Doze anos é Marcelo dançando com ela de rosto colado, a festa inteira a ponto do pai vigiar de tão constante que Marcelo foi seu par. Na hora de ir embora apertou a mão dela com força. Os convidados saíram e o apartamento desarrumado de fim de aniversário ficou escuro e silêncio de zumbido no ouvido de Luciana que, de franja, deitada, lembrava.
       Seu coração pequenino-botão-flor-pétala queria ter um retrato dele só para olhar. Seus olhinhos-bebê grandes, a boca-menina-moça, o nariz prometendo futuras irreverências, de pijama de flanela descalça Lu chorou no inverno porque viram Marcelo de mãos dadas com outra garota no cinema.
       Tantas lágrimas, meu grande amor, nunca mais. Agora só resta esquecer. Marcelo não me ama. Porém Marcelo-mais-gordo antes de se mudar com os pais pra Brasília do telefone público disse adeus, e prometeu voltar nas férias, e disse que ia ficar com saudades, e perguntou se ela ia ficar com saudades, e pegou o endereço dela pra escrever muitas cartas, e quis desligar três vezes e por três vezes retomou o assunto, depois desligou com um grande beijo: um beijo grande pra você, Lu.
       Não. Marcelo não escreveu.
       Nem veio nas férias de fim de ano. Só apareceu no outro frio, o de julho dos treze anos, mas já sem importância.Luciana esqueceu e acabou o ginásio de cabelo curtinho e cintura, de unhas feitas e sapato de saltinho.
       De Marcelo ficou uma lembrança nem tão perdurável no tempo e uma flor murcha amarela dentro de um livro de inglês da quarta série, de Marcelo ficaram três músicas que o traziam de volta e que o traziam tão menino à memória dela-depois-moça.
       De Marcelo ficou um sentimento de silêncio e dúvida.
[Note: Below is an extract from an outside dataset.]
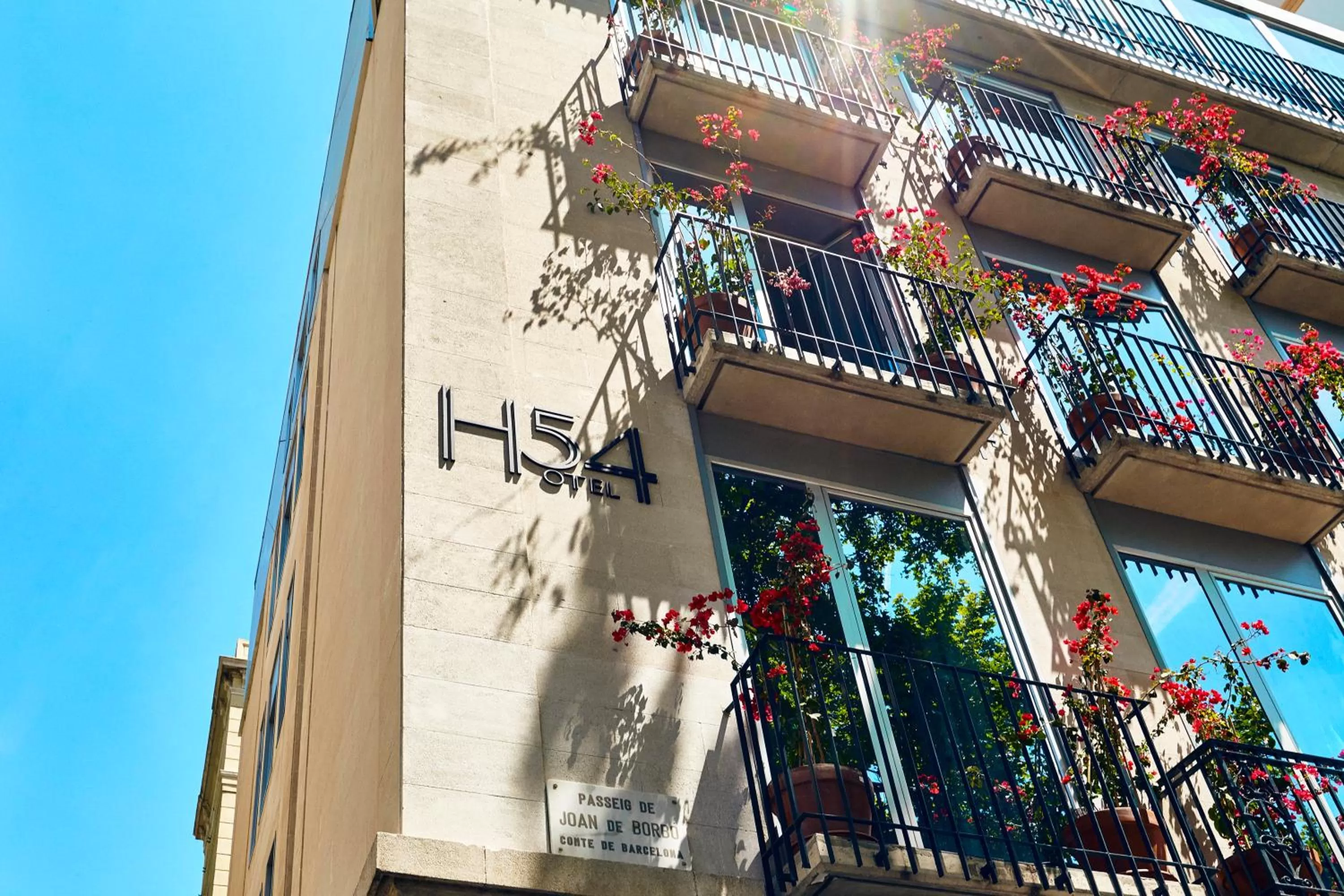 Facade/entrance in Hotel 54 Barceloneta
Olhares mudos e interrogações. Palavras com duplo ou sem sentido. Vontade de se infiltrar feito um bicho-de-pé no coração de uma pessoa e descobrir-lhe o pensamento. Tudo que haveria de se repetir na vida de Luciana-menina-moça-mulher: silêncio e dúvida, e mais tarde um vazio.

       Na mulher de nariz irreverente e seios grandes haveria de perdurar esse coraçãozinho de pincel, a poesia multicor, a realidade opaca e insípida das pessoas-pensamentos-silêncios-dúvidas, a realidade como páginas de um Caderno de Colorir.